Return all of the entries exactly as written.

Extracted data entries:
>>>

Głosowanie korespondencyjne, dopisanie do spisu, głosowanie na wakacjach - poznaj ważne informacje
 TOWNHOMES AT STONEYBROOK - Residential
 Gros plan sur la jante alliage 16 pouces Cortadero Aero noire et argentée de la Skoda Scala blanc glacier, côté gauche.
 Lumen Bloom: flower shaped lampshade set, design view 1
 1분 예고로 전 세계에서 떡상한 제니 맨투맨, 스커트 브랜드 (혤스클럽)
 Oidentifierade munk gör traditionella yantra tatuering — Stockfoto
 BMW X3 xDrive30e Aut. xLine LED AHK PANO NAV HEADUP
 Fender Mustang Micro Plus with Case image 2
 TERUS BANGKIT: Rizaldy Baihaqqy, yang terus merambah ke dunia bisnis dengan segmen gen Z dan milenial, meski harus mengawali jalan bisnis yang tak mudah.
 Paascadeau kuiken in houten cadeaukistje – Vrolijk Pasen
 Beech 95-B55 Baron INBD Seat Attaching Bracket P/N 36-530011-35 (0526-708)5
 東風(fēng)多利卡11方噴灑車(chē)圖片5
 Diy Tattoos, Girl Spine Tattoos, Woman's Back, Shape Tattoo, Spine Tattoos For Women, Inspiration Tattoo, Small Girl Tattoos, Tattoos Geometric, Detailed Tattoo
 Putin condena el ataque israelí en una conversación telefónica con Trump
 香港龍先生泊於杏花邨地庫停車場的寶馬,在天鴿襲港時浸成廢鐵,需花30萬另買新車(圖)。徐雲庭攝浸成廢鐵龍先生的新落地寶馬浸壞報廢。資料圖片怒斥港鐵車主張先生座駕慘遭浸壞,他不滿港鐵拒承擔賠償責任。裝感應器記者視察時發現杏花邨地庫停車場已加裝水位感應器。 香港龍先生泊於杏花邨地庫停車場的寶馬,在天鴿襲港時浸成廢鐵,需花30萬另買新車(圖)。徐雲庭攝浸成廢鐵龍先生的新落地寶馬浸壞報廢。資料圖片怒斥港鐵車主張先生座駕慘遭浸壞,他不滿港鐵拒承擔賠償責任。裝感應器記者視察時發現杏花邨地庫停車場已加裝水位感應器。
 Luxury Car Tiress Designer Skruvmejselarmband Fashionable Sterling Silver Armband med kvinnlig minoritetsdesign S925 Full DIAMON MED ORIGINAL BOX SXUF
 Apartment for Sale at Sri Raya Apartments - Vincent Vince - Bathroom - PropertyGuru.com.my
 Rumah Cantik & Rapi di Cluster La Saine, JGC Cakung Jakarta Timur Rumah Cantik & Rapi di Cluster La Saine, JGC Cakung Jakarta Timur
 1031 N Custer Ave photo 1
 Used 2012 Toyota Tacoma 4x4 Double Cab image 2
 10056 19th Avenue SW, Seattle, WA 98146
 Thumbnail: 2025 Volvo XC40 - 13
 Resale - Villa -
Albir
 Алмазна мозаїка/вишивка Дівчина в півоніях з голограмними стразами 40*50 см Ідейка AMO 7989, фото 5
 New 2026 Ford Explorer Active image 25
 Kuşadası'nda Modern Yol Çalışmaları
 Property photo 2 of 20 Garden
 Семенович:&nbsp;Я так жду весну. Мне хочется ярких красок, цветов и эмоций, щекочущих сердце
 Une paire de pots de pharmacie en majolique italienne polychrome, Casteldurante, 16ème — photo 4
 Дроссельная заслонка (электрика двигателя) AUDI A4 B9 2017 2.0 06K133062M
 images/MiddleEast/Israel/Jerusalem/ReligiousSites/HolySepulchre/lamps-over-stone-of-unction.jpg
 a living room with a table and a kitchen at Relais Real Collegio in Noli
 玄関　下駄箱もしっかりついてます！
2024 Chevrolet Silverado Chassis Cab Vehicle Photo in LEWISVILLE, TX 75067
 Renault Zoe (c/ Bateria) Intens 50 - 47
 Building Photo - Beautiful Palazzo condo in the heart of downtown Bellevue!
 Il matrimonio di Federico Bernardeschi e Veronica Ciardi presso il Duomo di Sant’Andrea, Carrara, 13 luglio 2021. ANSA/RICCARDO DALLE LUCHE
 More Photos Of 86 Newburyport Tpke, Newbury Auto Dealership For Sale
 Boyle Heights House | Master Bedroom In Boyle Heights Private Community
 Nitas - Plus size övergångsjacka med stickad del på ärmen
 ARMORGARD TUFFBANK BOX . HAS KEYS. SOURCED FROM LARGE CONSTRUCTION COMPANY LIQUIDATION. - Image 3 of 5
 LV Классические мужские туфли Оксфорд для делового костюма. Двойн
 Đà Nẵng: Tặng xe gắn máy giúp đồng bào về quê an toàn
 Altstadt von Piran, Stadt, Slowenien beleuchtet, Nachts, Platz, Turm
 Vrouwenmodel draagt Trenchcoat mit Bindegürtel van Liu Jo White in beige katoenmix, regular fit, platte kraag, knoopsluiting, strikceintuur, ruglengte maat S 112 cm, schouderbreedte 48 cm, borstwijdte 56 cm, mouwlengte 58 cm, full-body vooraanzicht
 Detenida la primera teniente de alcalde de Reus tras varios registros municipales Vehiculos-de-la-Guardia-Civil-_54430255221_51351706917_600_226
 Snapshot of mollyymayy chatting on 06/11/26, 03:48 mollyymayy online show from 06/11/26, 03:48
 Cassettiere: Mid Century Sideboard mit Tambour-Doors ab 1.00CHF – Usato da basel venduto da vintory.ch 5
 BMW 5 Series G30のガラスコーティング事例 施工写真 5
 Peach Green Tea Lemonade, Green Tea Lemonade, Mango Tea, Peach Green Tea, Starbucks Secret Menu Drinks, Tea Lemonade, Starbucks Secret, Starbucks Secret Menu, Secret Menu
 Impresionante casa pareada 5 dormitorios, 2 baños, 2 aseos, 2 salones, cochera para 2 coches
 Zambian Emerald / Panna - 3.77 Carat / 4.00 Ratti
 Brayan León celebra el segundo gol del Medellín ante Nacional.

<<<

• [Result of this exercise]:
Głosowanie korespondencyjne, dopisanie do spisu, głosowanie na wakacjach - poznaj ważne informacje
 TOWNHOMES AT STONEYBROOK - Residential
 Gros plan sur la jante alliage 16 pouces Cortadero Aero noire et argentée de la Skoda Scala blanc glacier, côté gauche.
 Lumen Bloom: flower shaped lampshade set, design view 1
 1분 예고로 전 세계에서 떡상한 제니 맨투맨, 스커트 브랜드 (혤스클럽)
 Oidentifierade munk gör traditionella yantra tatuering — Stockfoto
 BMW X3 xDrive30e Aut. xLine LED AHK PANO NAV HEADUP
 Fender Mustang Micro Plus with Case image 2
 TERUS BANGKIT: Rizaldy Baihaqqy, yang terus merambah ke dunia bisnis dengan segmen gen Z dan milenial, meski harus mengawali jalan bisnis yang tak mudah.
 Paascadeau kuiken in houten cadeaukistje – Vrolijk Pasen
 Beech 95-B55 Baron INBD Seat Attaching Bracket P/N 36-530011-35 (0526-708)5
 東風(fēng)多利卡11方噴灑車(chē)圖片5
 Diy Tattoos, Girl Spine Tattoos, Woman's Back, Shape Tattoo, Spine Tattoos For Women, Inspiration Tattoo, Small Girl Tattoos, Tattoos Geometric, Detailed Tattoo
 Putin condena el ataque israelí en una conversación telefónica con Trump
 香港龍先生泊於杏花邨地庫停車場的寶馬,在天鴿襲港時浸成廢鐵,需花30萬另買新車(圖)。徐雲庭攝浸成廢鐵龍先生的新落地寶馬浸壞報廢。資料圖片怒斥港鐵車主張先生座駕慘遭浸壞,他不滿港鐵拒承擔賠償責任。裝感應器記者視察時發現杏花邨地庫停車場已加裝水位感應器。 香港龍先生泊於杏花邨地庫停車場的寶馬,在天鴿襲港時浸成廢鐵,需花30萬另買新車(圖)。徐雲庭攝浸成廢鐵龍先生的新落地寶馬浸壞報廢。資料圖片怒斥港鐵車主張先生座駕慘遭浸壞,他不滿港鐵拒承擔賠償責任。裝感應器記者視察時發現杏花邨地庫停車場已加裝水位感應器。
 Luxury Car Tiress Designer Skruvmejselarmband Fashionable Sterling Silver Armband med kvinnlig minoritetsdesign S925 Full DIAMON MED ORIGINAL BOX SXUF
 Apartment for Sale at Sri Raya Apartments - Vincent Vince - Bathroom - PropertyGuru.com.my
 Rumah Cantik & Rapi di Cluster La Saine, JGC Cakung Jakarta Timur Rumah Cantik & Rapi di Cluster La Saine, JGC Cakung Jakarta Timur
 1031 N Custer Ave photo 1
 Used 2012 Toyota Tacoma 4x4 Double Cab image 2
 10056 19th Avenue SW, Seattle, WA 98146
 Thumbnail: 2025 Volvo XC40 - 13
 Resale - Villa -
Albir
 Алмазна мозаїка/вишивка Дівчина в півоніях з голограмними стразами 40*50 см Ідейка AMO 7989, фото 5
 New 2026 Ford Explorer Active image 25
 Kuşadası'nda Modern Yol Çalışmaları
 Property photo 2 of 20 Garden
 Семенович:&nbsp;Я так жду весну. Мне хочется ярких красок, цветов и эмоций, щекочущих сердце
 Une paire de pots de pharmacie en majolique italienne polychrome, Casteldurante, 16ème — photo 4
 Дроссельная заслонка (электрика двигателя) AUDI A4 B9 2017 2.0 06K133062M
 images/MiddleEast/Israel/Jerusalem/ReligiousSites/HolySepulchre/lamps-over-stone-of-unction.jpg
 a living room with a table and a kitchen at Relais Real Collegio in Noli
 玄関　下駄箱もしっかりついてます！
2024 Chevrolet Silverado Chassis Cab Vehicle Photo in LEWISVILLE, TX 75067
 Renault Zoe (c/ Bateria) Intens 50 - 47
 Building Photo - Beautiful Palazzo condo in the heart of downtown Bellevue!
 Il matrimonio di Federico Bernardeschi e Veronica Ciardi presso il Duomo di Sant’Andrea, Carrara, 13 luglio 2021. ANSA/RICCARDO DALLE LUCHE
 More Photos Of 86 Newburyport Tpke, Newbury Auto Dealership For Sale
 Boyle Heights House | Master Bedroom In Boyle Heights Private Community
 Nitas - Plus size övergångsjacka med stickad del på ärmen
 ARMORGARD TUFFBANK BOX . HAS KEYS. SOURCED FROM LARGE CONSTRUCTION COMPANY LIQUIDATION. - Image 3 of 5
 LV Классические мужские туфли Оксфорд для делового костюма. Двойн
 Đà Nẵng: Tặng xe gắn máy giúp đồng bào về quê an toàn
 Altstadt von Piran, Stadt, Slowenien beleuchtet, Nachts, Platz, Turm
 Vrouwenmodel draagt Trenchcoat mit Bindegürtel van Liu Jo White in beige katoenmix, regular fit, platte kraag, knoopsluiting, strikceintuur, ruglengte maat S 112 cm, schouderbreedte 48 cm, borstwijdte 56 cm, mouwlengte 58 cm, full-body vooraanzicht
 Detenida la primera teniente de alcalde de Reus tras varios registros municipales Vehiculos-de-la-Guardia-Civil-_54430255221_51351706917_600_226
 Snapshot of mollyymayy chatting on 06/11/26, 03:48 mollyymayy online show from 06/11/26, 03:48
 Cassettiere: Mid Century Sideboard mit Tambour-Doors ab 1.00CHF – Usato da basel venduto da vintory.ch 5
 BMW 5 Series G30のガラスコーティング事例 施工写真 5
 Peach Green Tea Lemonade, Green Tea Lemonade, Mango Tea, Peach Green Tea, Starbucks Secret Menu Drinks, Tea Lemonade, Starbucks Secret, Starbucks Secret Menu, Secret Menu
 Impresionante casa pareada 5 dormitorios, 2 baños, 2 aseos, 2 salones, cochera para 2 coches
 Zambian Emerald / Panna - 3.77 Carat / 4.00 Ratti
 Brayan León celebra el segundo gol del Medellín ante Nacional.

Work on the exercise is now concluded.